While childhood trauma doesn’t “cause” someone to have an affair as an adult, the fallout of unresolved childhood trauma can lead to an array of emotional and relational challenges. Under certain conditions, these challenges may lead a person to become more vulnerable to creating a secretive life that includes emotional and physical infidelity.
What follows is a compilation of ways in which childhood abuse can have lasting effects on individuals as adults. Awareness of these issues is an important step in self-growth, in rebuilding your relationship after an affair, or in preemptively protecting your relationship from the dangers of infidelity.
The legacy of attachment wounds
Not surprisingly, childhood traumas that are relational in nature influence our capacity to form secure attachments. When securely attached, a threshold of confidence exists that leads you to believe that your needs will be (mostly) met and that certain relationships can bring fulfillment to your life. When childhood trauma causes you to develop an insecure attachment style (for example, an anxious or avoidant attachment style), relationships have the potential to become a source of stress rather than a refuge where a deep connection with another is possible.
When you’re insecurely attached, you might frequently worry about the trustworthiness of your partner, fearing that they are on the verge of leaving you despite their reassurances to the contrary. Or you might keep them at arm’s length, unable to make yourself open and vulnerable enough for intimacy to flourish. In these instances, you might seek relief from these relationship challenges by escaping into the distraction of an affair.

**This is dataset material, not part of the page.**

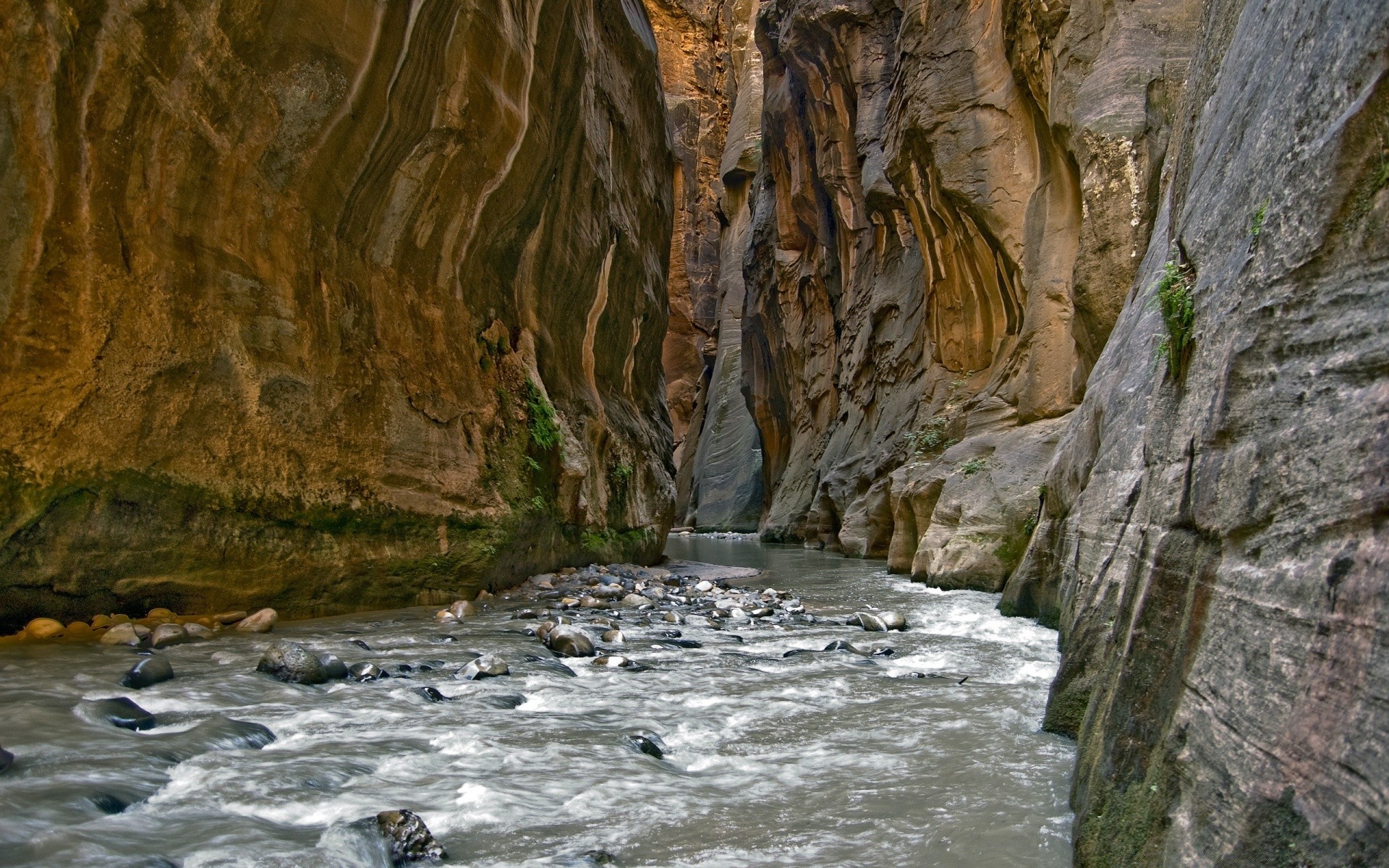 flüsse teiche und bäche teiche und bäche wasser natur im freien fluss wasserfall reisen rock fluss landschaft herbst berge holz landschaftlich reizvoll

A truism that is all too easily forgotten when someone is in the throes of an affair: The excitement and new relationship energy that magically seem to ease psychological struggles are temporary, a distraction from the underlying attachment wounds that need to be addressed for meaningful healing to occur. In the instances when affair relationships turn into long-term commitments, the attachment wounds that negatively impacted previous relationships resurface in the affair relationship. In short, the intimacy struggles that haunted the unfaithful partner in the past come to life in the present.
Novelty and thrill-seeking
Numbing and emotional detachment are common outcomes to childhood trauma (Frewen & Lanius, 2006). Our brain harnesses the power of emotional disengagement in order to help us cope with the overwhelming physiological and emotional responses that occur during a traumatic experience. It’s as if a dimmer switch is turned way down and we no longer have to re-experience the intense reactions that are associated with intolerable events.

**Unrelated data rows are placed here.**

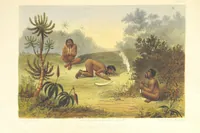 Picture 5 of 21 from Pen and pencil reminiscences of a campaign in South Africa ... Illustrated with ... colour-tinted lithographs (1861), leaf 33
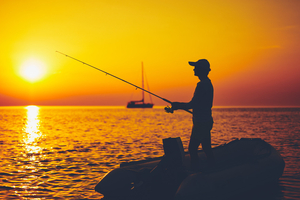 Pêche au loup en Méditerranée : une affaire de précision plus que de hasard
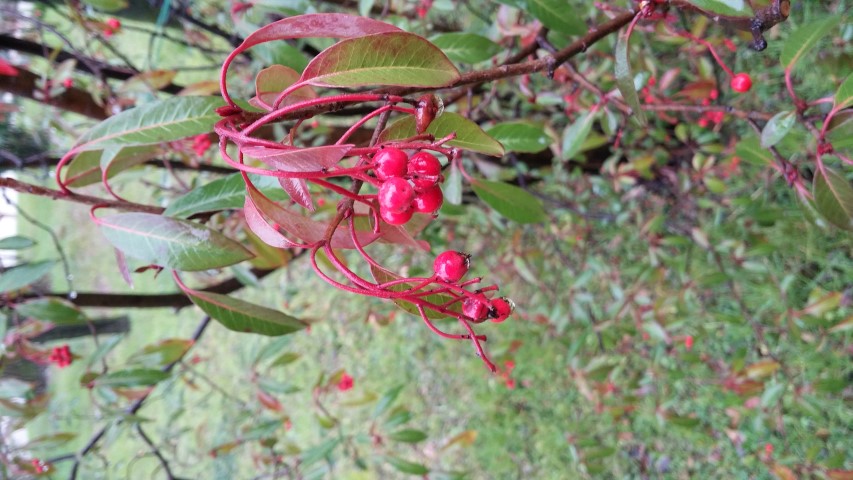Photinia serrulata plantplacesimage20150222_110652.jpg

But with a decreased capacity for emotional responsiveness comes a pervasive anesthetizing of our inner world. For some, this includes the subjective experience of emptiness or deadness. While emotional constriction and numbing offer an important means to dealing with the horrors of abuse, the muting of a life filled with feelings comes at a cost.
Those who feel a sense of emotional detachment may seek out novel and exciting experiences as a way of feeling something, anything, even if it’s temporary. Novelty, the unfamiliar and the dangerous, the pursuit of thrill-seeking (all inherent to infidelity) may be used to break through the lack-of-aliveness that comes with emotional detachment. In these instances, unbeknownst to the unfaithful partner, the affair is a way to momentarily jumpstart their emotional life. . .but at the cost of betraying their partner (and self) in the process.
Emotional dysregulation
Emotions occur across a continuum, from low intensity all the way to extremes in intensity that can feel quite unbearable. We discussed the end of the continuum that involves shutting down, becoming disconnected from emotional and physical reactions as a way of coping with overwhelming circumstances. At the other end of the continuum is hyperarousal, the experience of being easily inundated with strong feelings and sensations that are difficult to manage.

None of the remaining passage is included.